All that is wanted is the exact lines from the first line of the data below through the line with "Puma Kids White", both ends included, with pictures omitted.

-------- Provided material

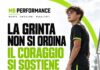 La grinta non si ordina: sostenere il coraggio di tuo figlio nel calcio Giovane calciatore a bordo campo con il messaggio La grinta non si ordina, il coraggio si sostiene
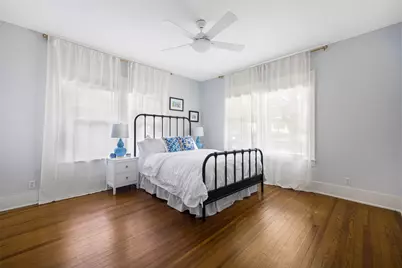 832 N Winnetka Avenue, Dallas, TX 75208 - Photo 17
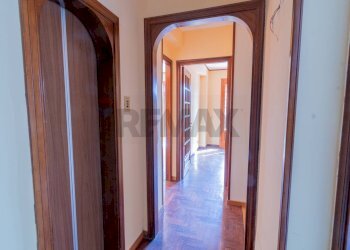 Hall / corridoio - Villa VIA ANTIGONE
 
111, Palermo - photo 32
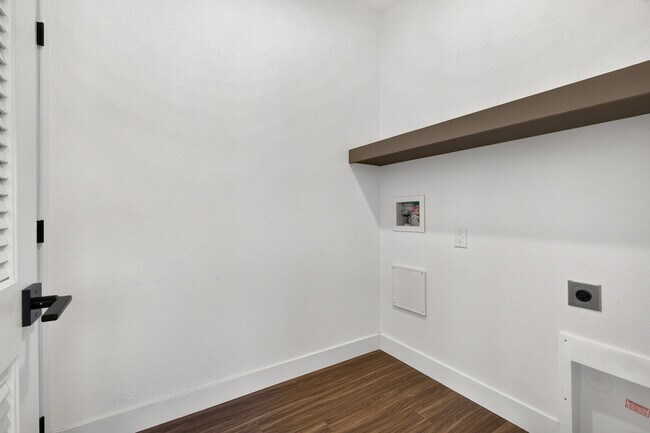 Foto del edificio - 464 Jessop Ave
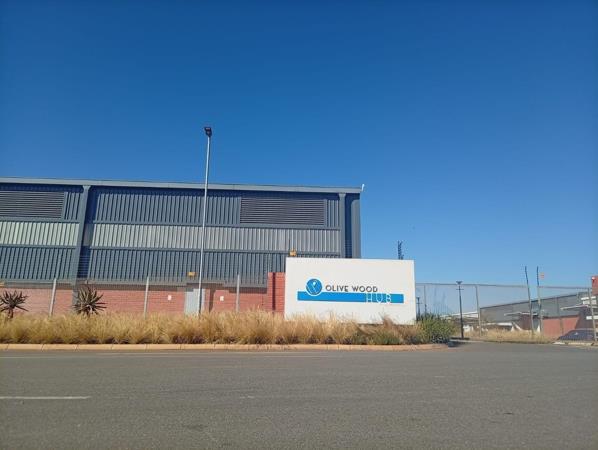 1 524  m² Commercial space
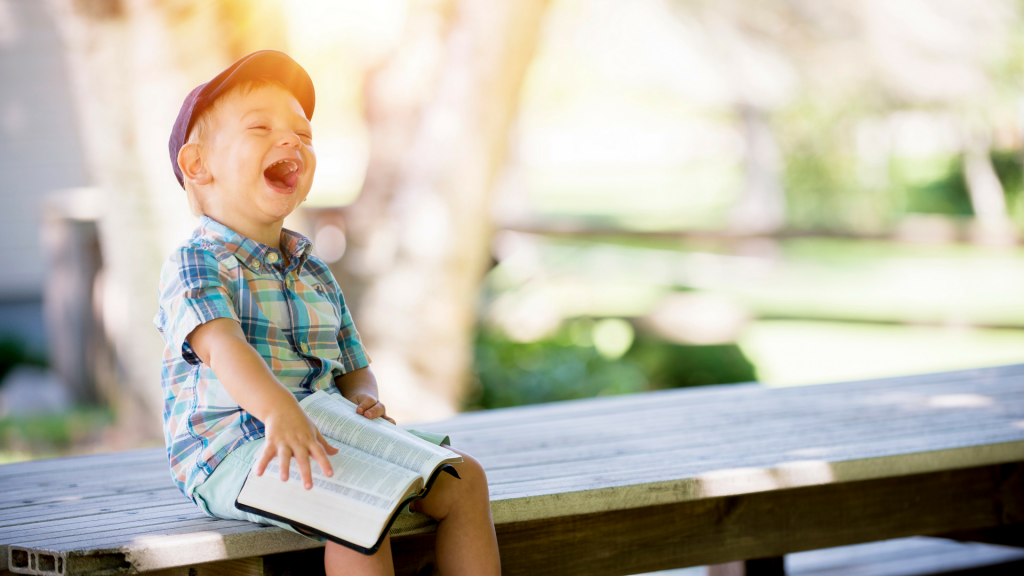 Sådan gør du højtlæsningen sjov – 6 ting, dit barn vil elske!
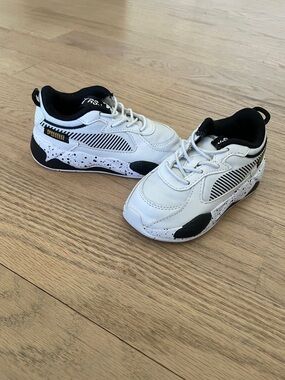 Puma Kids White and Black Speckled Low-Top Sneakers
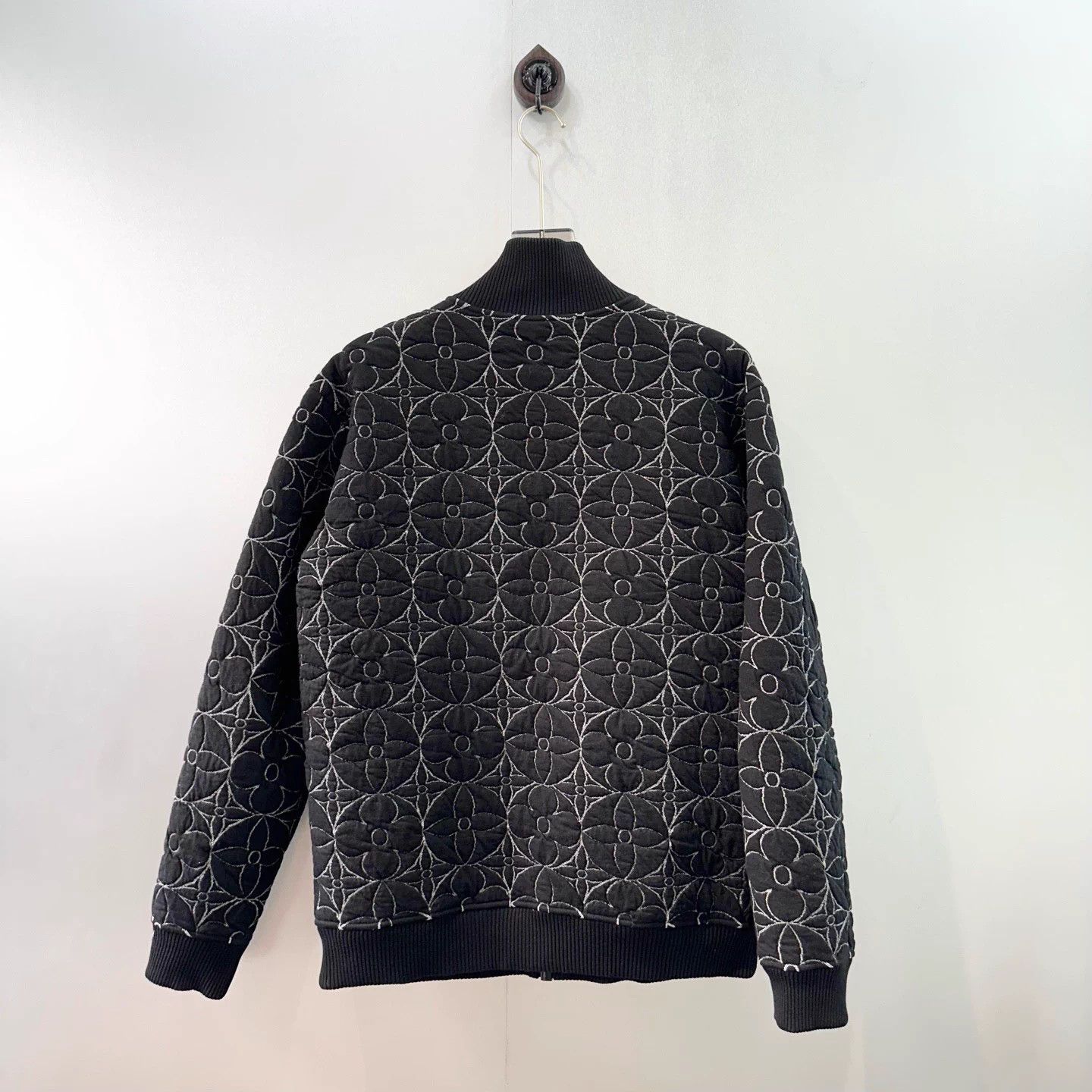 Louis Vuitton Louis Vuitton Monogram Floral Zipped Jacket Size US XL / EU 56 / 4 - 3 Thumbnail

----------------

Answer to the problem:
 La grinta non si ordina: sostenere il coraggio di tuo figlio nel calcio Giovane calciatore a bordo campo con il messaggio La grinta non si ordina, il coraggio si sostiene
 832 N Winnetka Avenue, Dallas, TX 75208 - Photo 17
 Hall / corridoio - Villa VIA ANTIGONE
 
111, Palermo - photo 32
 Foto del edificio - 464 Jessop Ave
 1 524  m² Commercial space
 Sådan gør du højtlæsningen sjov – 6 ting, dit barn vil elske!
 Puma Kids White and Black Speckled Low-Top Sneakers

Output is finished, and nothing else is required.